An AI-generated photo of a typical press conference, but a figure with a black hoodie and an LED mask representing a hacker is at the table taking questions.

Popular Phishing Attempts // The Calendar Invitation

Jason Heath — May 21, 2026

At an institution like SBTS, certain phishing attempts repeatedly target faculty, staff, and students, often in batches around the same time. This series of posts highlights some of the more common phishing schemes that have been reported and uncovered in recent years.

The Calendar Invitation

In this phishing attempt, the attacker sends a calendar invitation via email. The attack exploits a feature found in many email and calendar systems — including Gmail and Google Calendar — that automatically inserts a placeholder event on the calendar when an invitation is detected, even before the user accepts. In most calendar apps, event placeholders are usually outlined (unfilled) with the color of the calendar and not filled in similar like accepted calendar events or self-created events.

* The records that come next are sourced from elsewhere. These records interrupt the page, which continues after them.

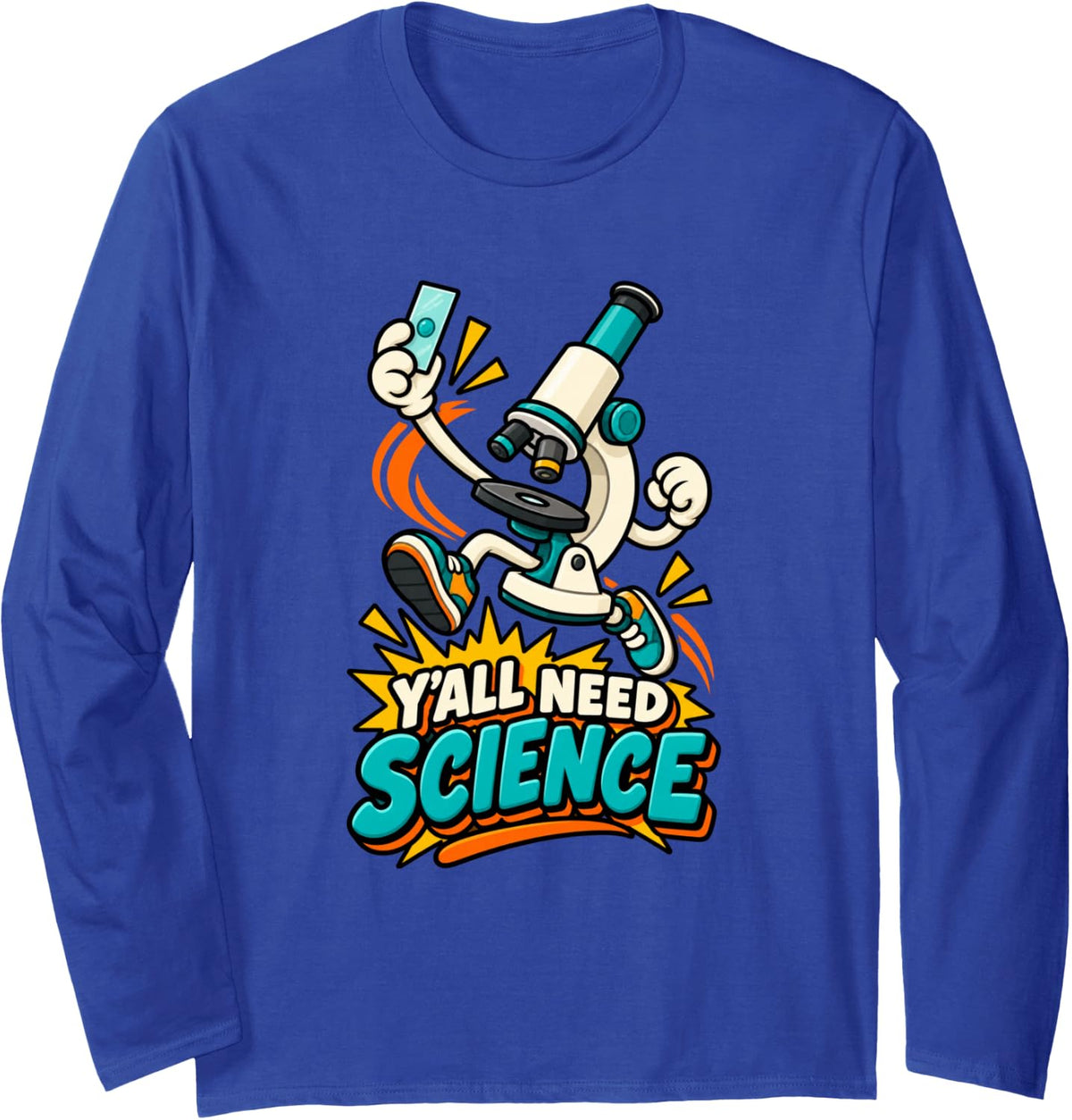 Funny Science Teacher Y'all Need Science Long Sleeve T-Shirt - Adult Unisex Royal Blue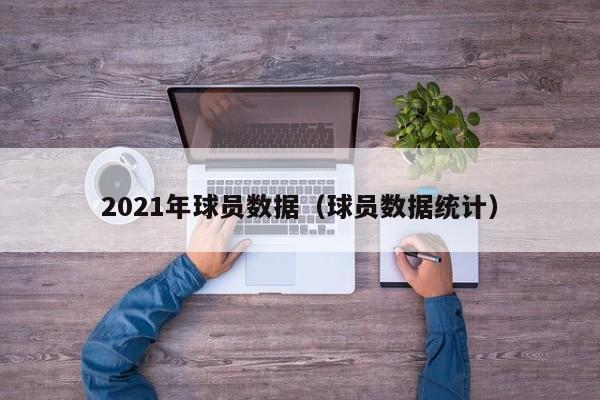 2021年球员数据（球员数据统计）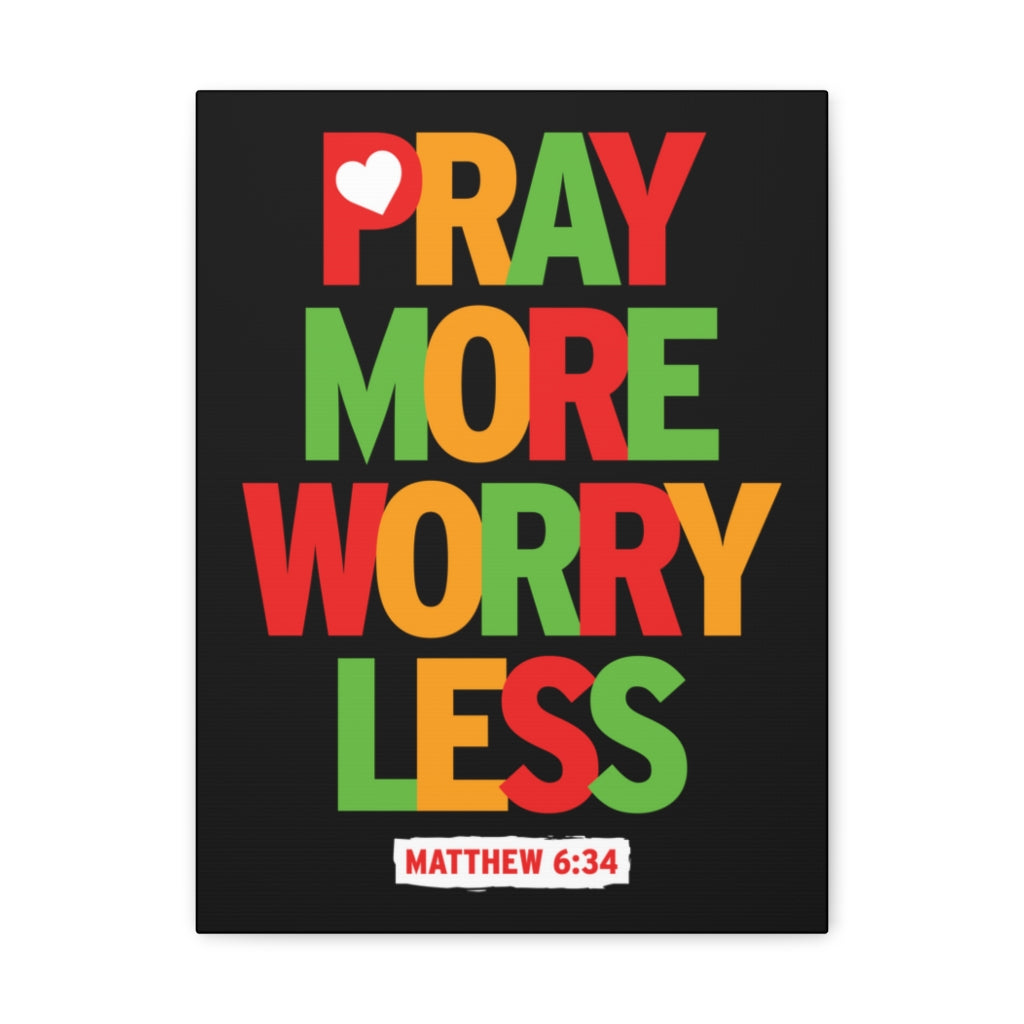 Scripture Walls Pray More Worry Less Matthew 6:34 Christian Wall Art Bible Verse Print Ready To Hang Unframed-Express Your Love Gifts
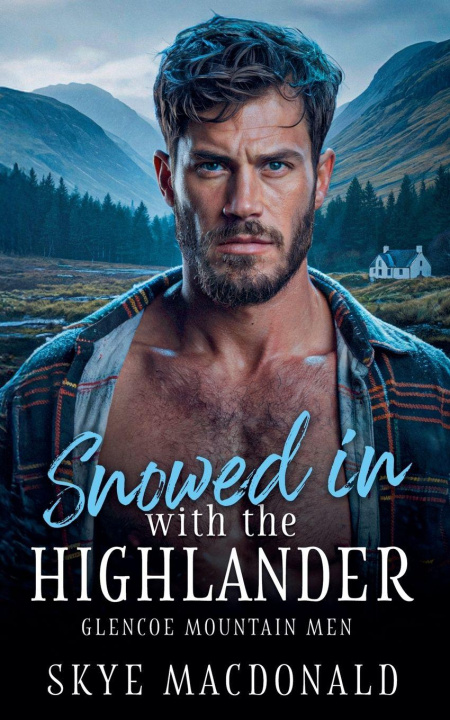 Kniha Snowed in with the Highlander Skye MacDonald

What makes this attack particularly tricky is that, even if the email is deleted, the placeholder on the calendar remains. As shown in the Scribe walkthrough below, Gmail may even flag the email as spam and remove it from your inbox, but because calendar systems currently have no mechanism for distinguishing calendar invitations as malicious, the placeholder event remains on the calendar.

The phishing payload is often found in the event’s notes or description. It may appear as a fake Zoom link for cases where the meeting includes a video conferencing option, or as an attached document that a user unknowingly downloads and opens.